In Lillie v. McMillan, 52 Ia. 463, the plaintiff took possession of property pending the suit. The jury found for the defendant. One horse and one cow had died. The defendant elected to take the money judgment, and the court held that this Avas his right, not merely for the property that had died, but for all of it.

*614In Capital Lumbering Co. v. Learned, 36 Or. 544, it was held, as stated in the second paragraph of the syllabus: “Where, in replevin, plaintiff takes possession of the property, and judgment is rendered for its return, and it is of such a character that it can be moved, plaintiff must seek defendant and there tender it to him in the same condition as when received, to avoid liability on his bond.”

In Vallancy v. Hunt, 26 N. Dak. 611, it was held, as stated in the syllabus: “A party who desires to avoid the penalties of a redelivery bond in replevin must show a delivery or offer of delivery of the property within a reasonable time, in substantially as good condition as when taken, and without material depreciation in value.”

In Moran v. Plankington, 64 Mo. 337, it was held that the judgment in the first action is only a bar to the second action as far as the plaintiff knew, or ought to have knoAvn, of the facts in time to have included the omitted articles in such first action.

In Schrandt v. Young, 62 Neb. 254, it is said in the syllabus: “The rule announced in Romberg v. Hughes, 18 Neb. 579, that damages for detention may only be had where there is a return of the property, should be restricted to damages for deterioration or depreciation after the taking.” In the body of the opinion it was said: “If the property is injured or deteriorates in value after it is taken, a return does not make the defendant whole, because he does not get it in the condition in which it was," and, in order to be frilly restored to his former position he ought to have the difference in value as damages. This is universally recognized, and such deterioration is considered a proper element of damage.” Commissioner Pound, who prepared this opinion, cited Hooker v. Hammill, 7 Neb. 231; Shinn, Replevin, sec. 648.
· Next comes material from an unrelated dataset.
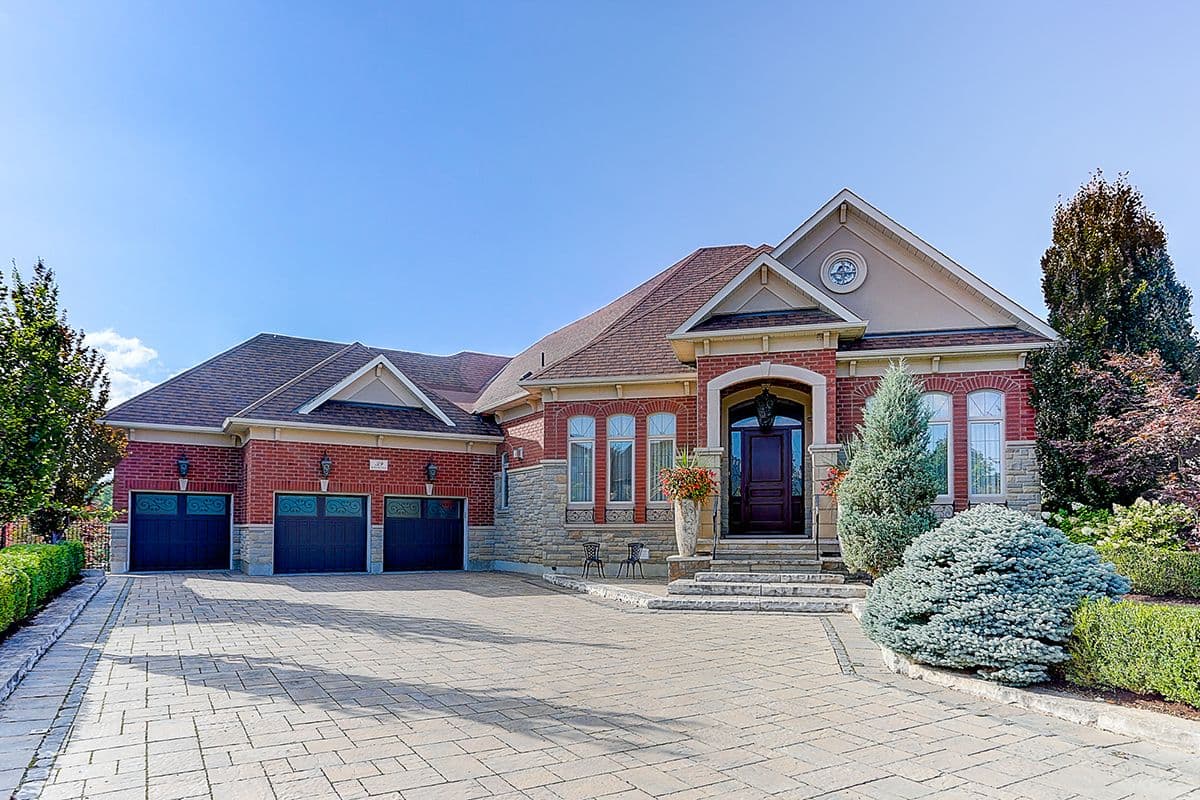 39 Fiorello Court, Vaughan, ON L4H 0V4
It would seem that the damages in a. replevin suit should be compensation for the interruption of the defendant’s possession, the loss of the use of the goods *615from the time of the tailing under the writ of replevin until they are restored, and their deterioration in value within the intervening time. I think that the judgment of the district court is not sustained by the evidence, and that Teel v. Miles, 51 Neb. 542, should be overruled or modified. I think that the majority opinion is against a liberal interpretation of the statute, that it is against public policy, and that it is too technical.